"""
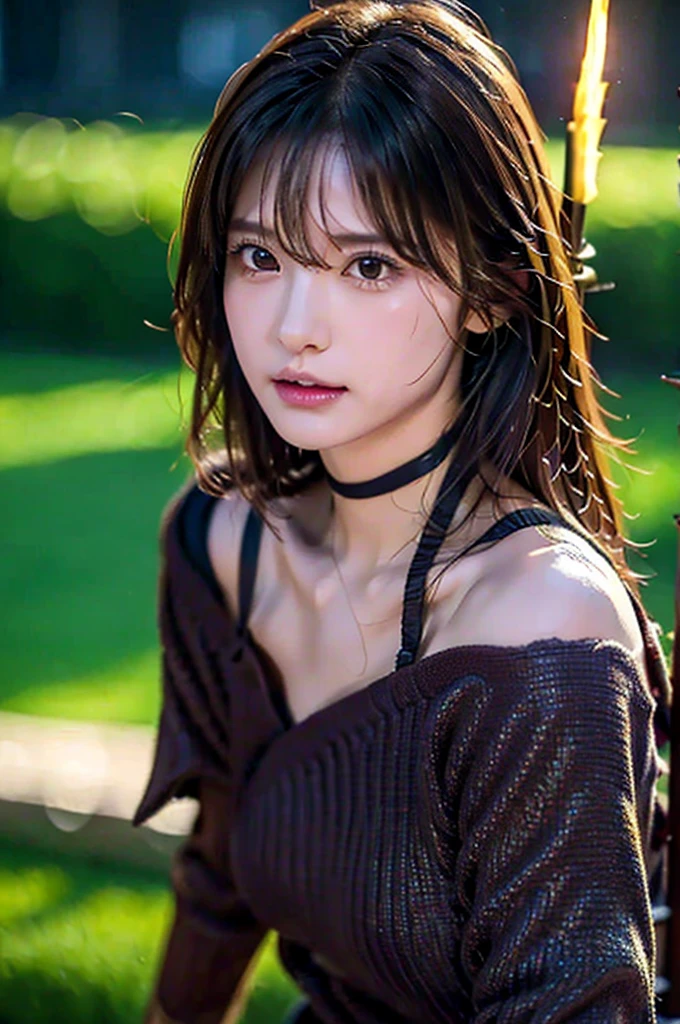 Sengoku period、（（（Battlefield 1：3）））、（（night、Firelight 1：8））、Anime Stick、Swinging the Sword、（（Covered in scars））、desperate look、（（（Dirty with sweat and dirt、1：5）））、（（（（fight））））、（（arms））、Big Breasts、japanese battlefield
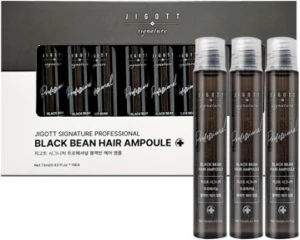Ампула для волосся з екстрактом чорних соєвих бобів - Jigott Signature Professional Black Bean Hair Ampoule, 13 мл, 1 шт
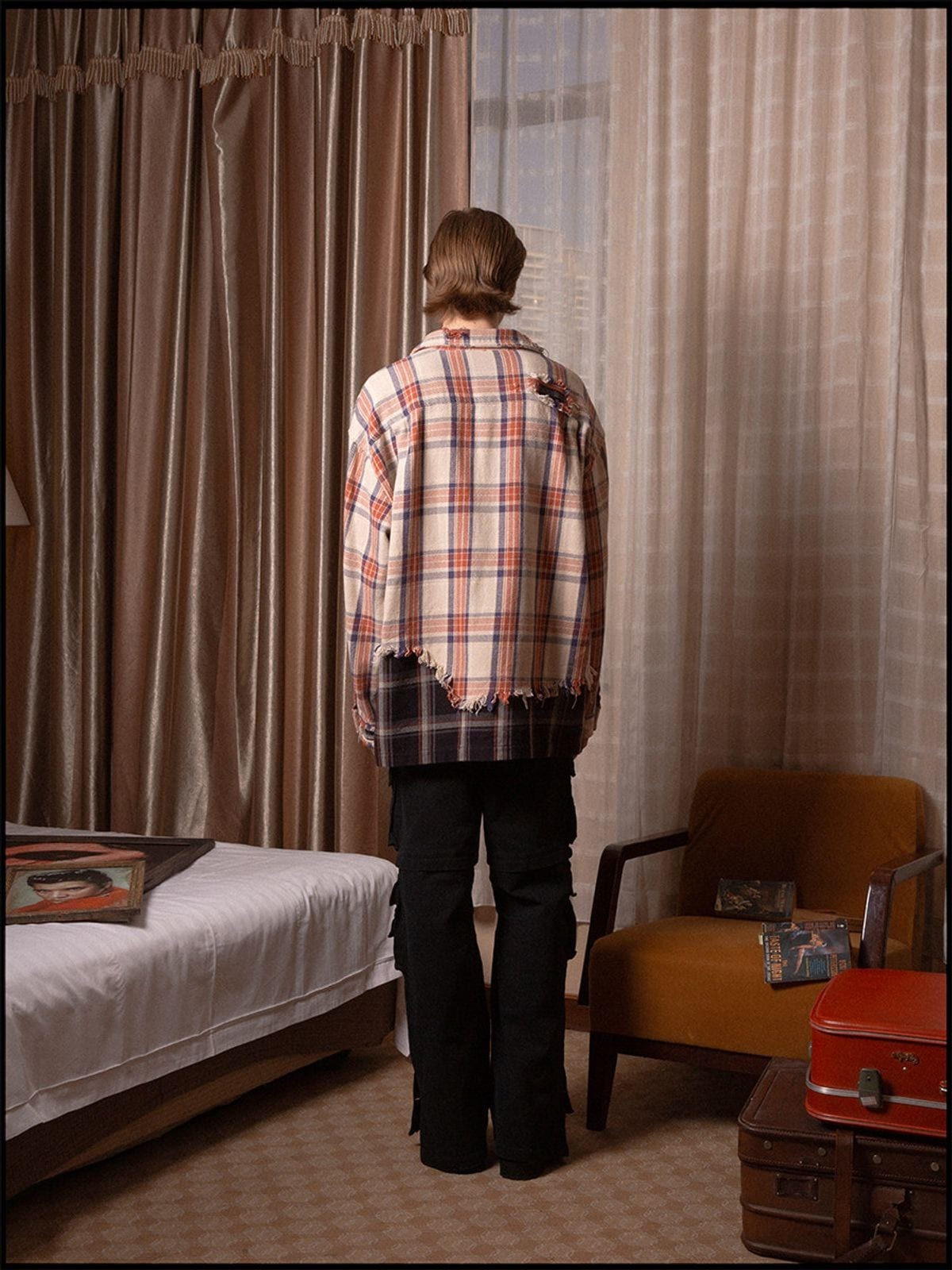 Sod Hand Distressed Plaid Shirt Jacket in White - On Male Model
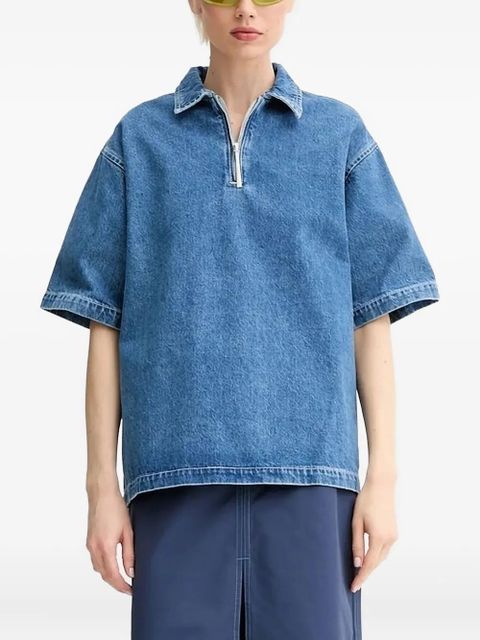 Sunnei half-zip denim top - Blue - zdjęcie produktu nr 1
"""
**Exercise brief**
Your copy should hold only the lines from the line with "Sod Hand Distressed" through the end of the data above, both ends included, transcribed exactly and without pictures.

**Answer box**
 Sod Hand Distressed Plaid Shirt Jacket in White - On Male Model
 Sunnei half-zip denim top - Blue - zdjęcie produktu nr 1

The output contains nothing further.